How does the #ID field work?

zhangwei2015 / IMonitor

This script use to analyze the immune repertoire sequenced by high throughtput sequencing

24 stars 13 forks source link

How does the #ID field work? #1

Closed darth-donut closed 7 years ago

darth-donut commented 7 years ago

In .structure.gz file, the first field #ID has values cp. Initially, I've assumed that since all values of cp starts from cp1 .. n, cp1 implies first read and cpN implies the Nth read.

However, there's a point in the file where cpN actually means N-1th read, and another point in the file where cpN implies the N+1th read. I got to know this because I had a reference file, where I can compare the VDJ and CDR3 assignments.

Question is, how does the #ID field work? The numbers don't work as I think they do.

Cheers, Harry

zhangwei2015 commented 7 years ago

Dear Harry,

In .structure.gz file, the first field #ID has values cp. cp# , starts from cp1..n, cp1 implies first read and cpN implies the Nth read. For example, if you have 1000 (paired-end) reads, the #ID will be cp1,...,cp1000.

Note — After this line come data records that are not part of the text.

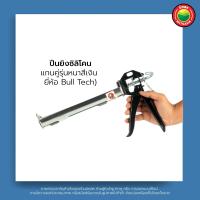 ราคา ปืนยิงซิลิโคน อะคริลิค กาว แด๊ป แกนคู่ หรือ แบบหุ้ม บูลเทค แกนหนา เหล็ก SILICONE GUN ปืน ยิง ซิลิโคน ยาแนว ซีแลนท์ กาวตะปู หุ้มล่าง มิตสห Mitsaha (8990930471)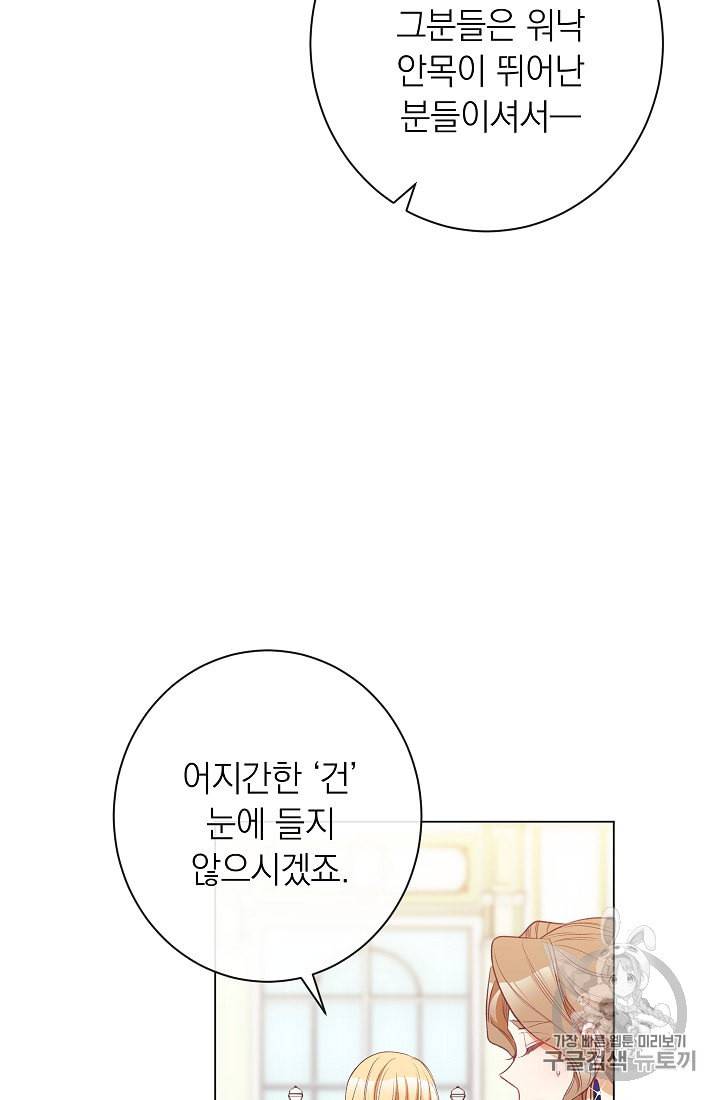 악녀는 모래시계를 되돌린다 43화 84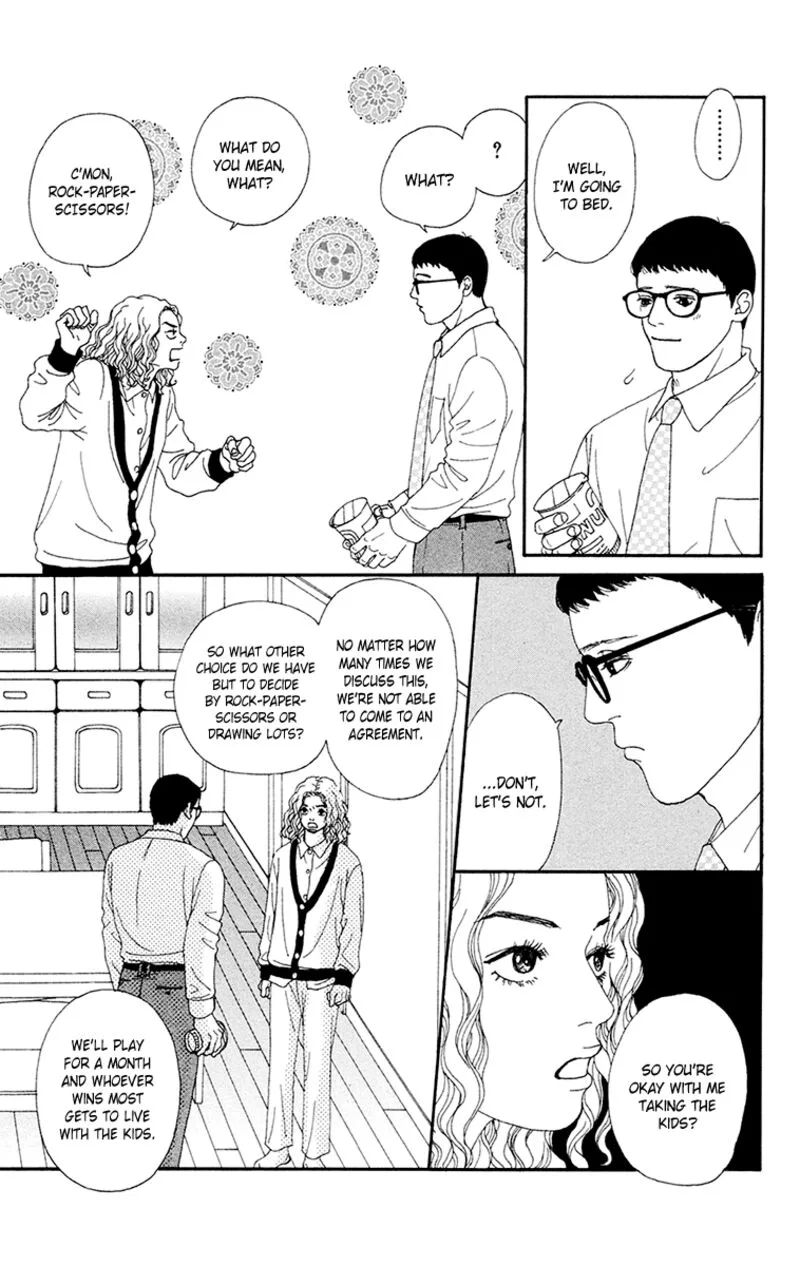 Futago Chapter 25 page 45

Actually, you can check the file "*.change_id.backup.gz"(in the Result directory) to find the relationship between raw reads ID and the new ID(cp#).

If you still have some problems, please let me know!

Best Regards! Wei

darth-donut commented 7 years ago

I see, I'll look at *.change-id.backup.gz for the ids then. Because my initial assumtion was true, as you've confirmed that cpN implies Nth read, but using my reference data, it seems like at some point, it switches to N+1 (i.e. cp1000 was actually the 1001th read), and later on N+2. I have yet to see N+3, but it might be because my data isn't large enough (there were 500k reads).